La fin sera funeste, mais il restera de ce film des instants capturés, avec la précision et la belle idée d’insérer de véritables photographies, en se rapprochant d’un rapport documentaire à cette période si douloureuse pour la petite île.
Et, s’il fallait le préciser, l’interprète d’Antonia est magnifique de romantisme brut – vibrante Clara Maria-Laredo.

4. C’est pas moi, de Léos Carax
– 21 000 entrées (film tourné dans le cerveau malade de Léos Carax).
C’est pas moi est un ovni dans le paysage audiovisuel français – et c’est pour cela qu’il doit être chéri. De cette interjection initiale de l’enfant qui aurait cassé le vase de maman et se défendant alors que toutes les preuves l’accablent, Léos Carax est nonobstant de tous les plans.
Presque jamais physiquement, sauf subrepticement, mais infusant via tous les pores de ce moyen-métrage de 42 minutes, via sa fille, via les films qu’il a faits, ceux qu’il a aimés. Via sa voix. Ou son silence.
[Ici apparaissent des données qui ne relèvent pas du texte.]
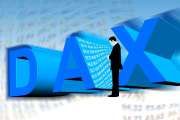 DAX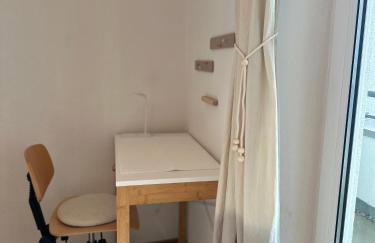Stilvolle 3-Zimmer-Wohnung für business und family bis 6 Personen - Foto 32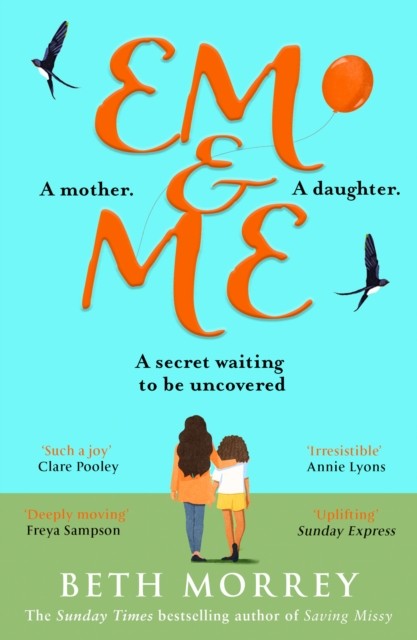 Em & Me - Image 4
Dans cet exercice de style godardien, procédant par collages, rapports, parallèles et correspondances, on ne sera pas forcément toujours intéressé par les considérations politiques peu passionnantes de Léos Carax, mais on lui préférera des moments de suspension vertigineux, s’approchant du caractère divin du cinéma, avec ce plan séquence tiré d’un film, dont il a l’impression, nous dit-il via des sous-titres, qu’il a été fait par Dieu lui-même…
Sans jamais se prendre au sérieux, et avec une ironie mordante d’abord tournée sur lui-même, un grand réalisateur français nous livre peut-être l’un des plus beaux hommages au cinéma français de la décennie, genre dans lequel le récent Spectateurs ! d’Arnaud Desplechin s’inscrit avec un autre style de grâce.

5. Napoléon vu par Abel Gance, d’Abel Gance
– 11 000 entrées (film tourné à Ajaccio, à Versailles, dans les Alpes du Sud, dans le Var, à Brienne en Bourgogne Franche-Comté, à Sceaux et dans les studios de Boulogne-Billancourt en Ile-de-France).
La ressortie de ce film, restauré pendant plus d’une décennie par Georges Mourier et justifiant sa place dans ce top, au vu des efforts démesurés par les artistes de notre époque pour le ramener à la vie, est peut-être le plus bel événement de l’année cinématographique française (voire du monde) de 2024.
Un projet hors-normes, au nombre de figurants colossal et aux moyens astronomiques pour l’époque, qui n’aura pas pu aller au bout – il était prévu de continuer la vie de l’Empereur après la campagne d’Italie…

Nous aurons eu au moins, pour nous consoler, la possibilité de contempler et apprécier cet été 2024 une œuvre française unique dans le paysage du cinéma français.